◆ **TASK DIRECTIONS**
Search the listing below for the string "floors" and copy every line where it occurs.

◆ **INFORMATION SHOWN**
★ ★ ★ ★

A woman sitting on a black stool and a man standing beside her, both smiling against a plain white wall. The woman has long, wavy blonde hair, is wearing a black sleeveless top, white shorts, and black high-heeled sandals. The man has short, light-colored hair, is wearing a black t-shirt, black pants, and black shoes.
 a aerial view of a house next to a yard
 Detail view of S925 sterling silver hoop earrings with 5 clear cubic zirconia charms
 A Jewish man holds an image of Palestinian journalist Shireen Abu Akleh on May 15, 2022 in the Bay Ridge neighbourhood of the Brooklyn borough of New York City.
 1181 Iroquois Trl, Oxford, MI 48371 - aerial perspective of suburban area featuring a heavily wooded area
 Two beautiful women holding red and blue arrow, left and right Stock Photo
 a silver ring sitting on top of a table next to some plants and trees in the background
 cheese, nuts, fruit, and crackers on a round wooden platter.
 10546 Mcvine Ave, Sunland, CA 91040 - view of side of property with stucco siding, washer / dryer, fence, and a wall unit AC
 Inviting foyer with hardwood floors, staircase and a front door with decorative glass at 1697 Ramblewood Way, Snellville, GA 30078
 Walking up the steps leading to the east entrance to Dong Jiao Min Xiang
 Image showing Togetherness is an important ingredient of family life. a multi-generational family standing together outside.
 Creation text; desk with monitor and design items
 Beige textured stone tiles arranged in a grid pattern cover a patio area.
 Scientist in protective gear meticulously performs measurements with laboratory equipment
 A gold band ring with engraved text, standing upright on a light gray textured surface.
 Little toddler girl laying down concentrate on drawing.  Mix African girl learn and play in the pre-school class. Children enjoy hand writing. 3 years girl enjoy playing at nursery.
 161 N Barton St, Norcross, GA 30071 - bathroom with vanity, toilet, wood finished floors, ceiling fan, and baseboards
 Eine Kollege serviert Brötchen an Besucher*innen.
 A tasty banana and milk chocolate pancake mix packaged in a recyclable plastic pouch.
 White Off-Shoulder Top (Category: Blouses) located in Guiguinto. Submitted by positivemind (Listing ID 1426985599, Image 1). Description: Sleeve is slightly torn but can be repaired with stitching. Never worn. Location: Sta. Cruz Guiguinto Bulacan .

★ ★ ★ ★

◆ **ANSWER BOX**
 Inviting foyer with hardwood floors, staircase and a front door with decorative glass at 1697 Ramblewood Way, Snellville, GA 30078
 161 N Barton St, Norcross, GA 30071 - bathroom with vanity, toilet, wood finished floors, ceiling fan, and baseboards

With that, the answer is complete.